Finance Minister Karen Nunes Tesheira has reassuringly assigned “priority” status to the distribution of land long promised to former sugar workers.

New on the job, Ms Nunez Tesheira is thus going where her predecessors, Prime Minister Patrick Manning and former junior finance ministers, had never gone.

She is proceeding with urgency in the direction of correcting a manifest injustice to workers whose only fault had been to take the Government’s word.

It is just as well that, even in advance of reading Justice Lennox Deyalsingh’s decision, she must agree with his finding:

“Government’s lack of the sense of urgency with this matter is, in my view, tantamount to an abuse of power.”

Vexed question

The loss-making, State-owned Caroni 1975 Ltd had for been decades a vexed question that had claimed the at least rhetorical attention of successive administrations.

From early 2002, the Manning administration evidently saw the Caroni question as one it must determinedly resolve and with relative swiftness.

As it later did with BWIA, another haemorrhaging state enterprise, the Government ended the agonies of indecision and uncertainty. It resolutely set about closing those entities seen to have no promising future under traditional arrangements except as endless claimants on Treasury funds.

The promise of land as part of a settlement package to workers set to lose their sugar-industry jobs, was obviously meant to neutralise opposition to the closure of a company, and an industry that had constituted both a lifeline and a way of life for tens of thousands.

A vexed question escalated, however, into a vexing matter that, with the litigation enterprise of Ramesh Lawrence Maharaj, reached the High Court for judicial review.

It is now notorious that lawyers for the Government sought to weasel out of the land-distribution pledge by arguing it did not confer a legitimate expectation.

Seeking to have it both ways, however, the State also declared it had been taking steps to prepare the leases for the workers.

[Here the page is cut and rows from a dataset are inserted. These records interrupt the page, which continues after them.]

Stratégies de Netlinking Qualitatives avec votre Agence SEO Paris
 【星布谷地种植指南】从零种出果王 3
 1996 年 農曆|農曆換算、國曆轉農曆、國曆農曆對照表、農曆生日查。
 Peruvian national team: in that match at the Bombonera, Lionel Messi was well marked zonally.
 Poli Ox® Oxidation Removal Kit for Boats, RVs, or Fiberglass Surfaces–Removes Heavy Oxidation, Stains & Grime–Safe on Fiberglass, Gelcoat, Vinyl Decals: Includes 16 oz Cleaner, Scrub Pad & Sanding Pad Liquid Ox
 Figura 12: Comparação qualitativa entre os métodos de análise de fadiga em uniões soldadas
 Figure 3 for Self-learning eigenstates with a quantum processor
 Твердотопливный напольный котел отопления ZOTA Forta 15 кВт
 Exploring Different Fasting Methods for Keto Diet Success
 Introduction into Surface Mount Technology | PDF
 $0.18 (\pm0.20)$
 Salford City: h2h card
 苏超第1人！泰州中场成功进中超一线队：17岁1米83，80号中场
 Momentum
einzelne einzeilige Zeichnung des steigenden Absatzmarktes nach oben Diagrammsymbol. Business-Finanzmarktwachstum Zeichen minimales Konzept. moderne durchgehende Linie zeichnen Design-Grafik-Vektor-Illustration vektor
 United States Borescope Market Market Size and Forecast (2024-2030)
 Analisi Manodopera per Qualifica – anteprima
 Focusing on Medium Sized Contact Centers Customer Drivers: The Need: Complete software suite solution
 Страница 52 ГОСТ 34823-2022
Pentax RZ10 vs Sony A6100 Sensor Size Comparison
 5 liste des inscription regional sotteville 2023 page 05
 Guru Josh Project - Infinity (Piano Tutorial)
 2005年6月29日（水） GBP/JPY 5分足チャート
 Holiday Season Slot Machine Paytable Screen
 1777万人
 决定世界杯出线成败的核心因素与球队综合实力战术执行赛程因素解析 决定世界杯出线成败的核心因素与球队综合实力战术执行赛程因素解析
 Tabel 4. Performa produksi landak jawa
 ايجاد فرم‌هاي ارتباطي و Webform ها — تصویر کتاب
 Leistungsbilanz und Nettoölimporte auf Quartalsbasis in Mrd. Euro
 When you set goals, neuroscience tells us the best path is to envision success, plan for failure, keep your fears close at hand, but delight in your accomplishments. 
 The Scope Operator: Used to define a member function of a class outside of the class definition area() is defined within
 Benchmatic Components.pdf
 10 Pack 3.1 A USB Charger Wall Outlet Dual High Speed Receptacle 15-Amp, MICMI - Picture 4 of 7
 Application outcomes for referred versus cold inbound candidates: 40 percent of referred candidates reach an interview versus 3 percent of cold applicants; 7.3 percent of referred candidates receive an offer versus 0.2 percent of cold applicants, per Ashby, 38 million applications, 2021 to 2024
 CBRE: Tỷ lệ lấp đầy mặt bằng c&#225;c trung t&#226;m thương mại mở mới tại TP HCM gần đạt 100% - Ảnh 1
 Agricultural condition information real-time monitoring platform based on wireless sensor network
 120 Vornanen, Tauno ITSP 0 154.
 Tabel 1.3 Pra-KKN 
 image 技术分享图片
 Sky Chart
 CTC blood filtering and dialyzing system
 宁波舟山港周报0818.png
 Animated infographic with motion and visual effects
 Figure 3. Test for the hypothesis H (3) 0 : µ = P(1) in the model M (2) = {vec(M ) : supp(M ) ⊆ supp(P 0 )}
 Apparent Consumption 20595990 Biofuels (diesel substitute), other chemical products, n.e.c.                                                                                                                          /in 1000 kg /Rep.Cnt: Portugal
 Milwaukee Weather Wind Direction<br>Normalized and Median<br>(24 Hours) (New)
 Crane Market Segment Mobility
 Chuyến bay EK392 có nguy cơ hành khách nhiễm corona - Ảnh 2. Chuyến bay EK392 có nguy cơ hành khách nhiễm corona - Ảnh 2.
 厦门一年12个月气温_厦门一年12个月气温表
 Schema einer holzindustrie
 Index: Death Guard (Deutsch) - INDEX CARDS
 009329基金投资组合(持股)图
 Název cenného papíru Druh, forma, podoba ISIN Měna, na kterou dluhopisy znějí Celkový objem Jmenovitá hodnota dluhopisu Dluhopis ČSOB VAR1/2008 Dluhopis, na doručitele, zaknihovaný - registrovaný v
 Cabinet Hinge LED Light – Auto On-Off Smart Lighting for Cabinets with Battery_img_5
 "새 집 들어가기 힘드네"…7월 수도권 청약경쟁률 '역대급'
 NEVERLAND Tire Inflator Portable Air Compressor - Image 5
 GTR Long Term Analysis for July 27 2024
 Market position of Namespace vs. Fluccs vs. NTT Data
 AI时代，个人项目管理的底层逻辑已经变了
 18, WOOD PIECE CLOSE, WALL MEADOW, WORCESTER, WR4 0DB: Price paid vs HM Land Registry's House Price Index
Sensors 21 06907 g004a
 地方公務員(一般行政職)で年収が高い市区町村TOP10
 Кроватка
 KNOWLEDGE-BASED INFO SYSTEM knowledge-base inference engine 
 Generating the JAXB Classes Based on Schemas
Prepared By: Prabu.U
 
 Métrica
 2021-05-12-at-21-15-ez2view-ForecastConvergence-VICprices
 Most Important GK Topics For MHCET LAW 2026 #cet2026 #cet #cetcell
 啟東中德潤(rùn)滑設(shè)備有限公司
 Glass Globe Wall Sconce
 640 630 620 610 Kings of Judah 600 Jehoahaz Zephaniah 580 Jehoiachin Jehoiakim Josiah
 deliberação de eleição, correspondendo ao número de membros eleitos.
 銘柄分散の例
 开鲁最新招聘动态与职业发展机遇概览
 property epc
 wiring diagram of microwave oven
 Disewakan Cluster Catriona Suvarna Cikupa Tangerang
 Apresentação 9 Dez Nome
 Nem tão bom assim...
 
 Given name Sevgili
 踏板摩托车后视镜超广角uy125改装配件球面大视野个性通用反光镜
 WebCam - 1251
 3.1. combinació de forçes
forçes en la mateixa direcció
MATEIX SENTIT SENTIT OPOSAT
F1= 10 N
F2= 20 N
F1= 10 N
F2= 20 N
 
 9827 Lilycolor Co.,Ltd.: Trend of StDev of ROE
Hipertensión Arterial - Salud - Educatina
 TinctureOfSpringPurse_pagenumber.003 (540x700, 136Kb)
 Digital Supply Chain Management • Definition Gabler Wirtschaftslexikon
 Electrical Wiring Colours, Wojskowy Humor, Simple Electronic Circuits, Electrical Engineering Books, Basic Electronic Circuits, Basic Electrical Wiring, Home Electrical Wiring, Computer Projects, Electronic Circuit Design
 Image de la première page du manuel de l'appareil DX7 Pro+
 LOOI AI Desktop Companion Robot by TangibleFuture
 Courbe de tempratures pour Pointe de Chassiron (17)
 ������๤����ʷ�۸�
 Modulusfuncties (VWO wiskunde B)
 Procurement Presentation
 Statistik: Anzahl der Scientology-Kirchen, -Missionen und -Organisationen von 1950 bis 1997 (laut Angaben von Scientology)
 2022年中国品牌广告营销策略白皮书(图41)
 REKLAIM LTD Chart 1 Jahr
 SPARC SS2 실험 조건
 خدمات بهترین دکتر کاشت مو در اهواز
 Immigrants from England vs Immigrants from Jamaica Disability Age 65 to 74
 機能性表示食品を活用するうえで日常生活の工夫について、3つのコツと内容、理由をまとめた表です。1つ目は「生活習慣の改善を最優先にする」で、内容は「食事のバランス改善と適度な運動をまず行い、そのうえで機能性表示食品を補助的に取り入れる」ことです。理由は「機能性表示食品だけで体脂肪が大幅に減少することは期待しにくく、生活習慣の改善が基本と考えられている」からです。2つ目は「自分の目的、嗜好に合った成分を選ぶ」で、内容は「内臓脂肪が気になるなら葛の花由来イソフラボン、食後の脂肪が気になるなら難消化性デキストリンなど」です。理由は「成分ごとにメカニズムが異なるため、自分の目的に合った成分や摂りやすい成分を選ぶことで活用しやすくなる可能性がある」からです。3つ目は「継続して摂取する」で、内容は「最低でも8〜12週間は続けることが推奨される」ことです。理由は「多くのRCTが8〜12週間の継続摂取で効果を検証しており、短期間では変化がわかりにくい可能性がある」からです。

Justice Deyalsingh rejected the proposition, startling in its implication, that the workers had no legitimate right to expect the Prime Minister to keep his word. The judgment also held that steps allegedly being taken to fulfill the pledge were far too halting to mark good faith.

That not a single plot of land had been distributed in the four years up to mid-2007 was scandalous, and he properly denounced such foot-dragging:

“Government’s attitude seems to have been ‘business as usual,’ not really concerned about the frustration that delay in meeting the promise was causing.”

The judge went further. He discredited the authorities’ “prognosis” for the completion date of lease arrangements, noting that earlier deadlines had not been met.

As has been well demonstrated, the Government’s patience with its own inefficiencies amounts to an arrogant presumption that the public should simply be prepared to wait and wait and wait.

Lower standards

In all its spheres (health, education, transport notably) public administration sets lower and lower standards for service and performance.

The over-centralised Manning Cabinet system is geared more to securing control than to ensuring productivity and performance.

It is encouraging, though long overdue, that the High Court is signalling impatience with “business as usual.” Justice Deyalsingh has set action dates for implementation of his ruling.

The Government may appeal. But its doing so will have the effect of postponing yet again the fulfillment of what was meant to be taken as a solemn pledge to a powerless sector of the society.

“I find that the promise to the former sugar workers has not been kept,” Justice Deyalsingh wrote, “and that their legitimate expectation has been, and is being, frustrated by the lack of reasonably expeditious action.”

From that ruling, and by any fair-minded assessment, the Government has already lost a moral case.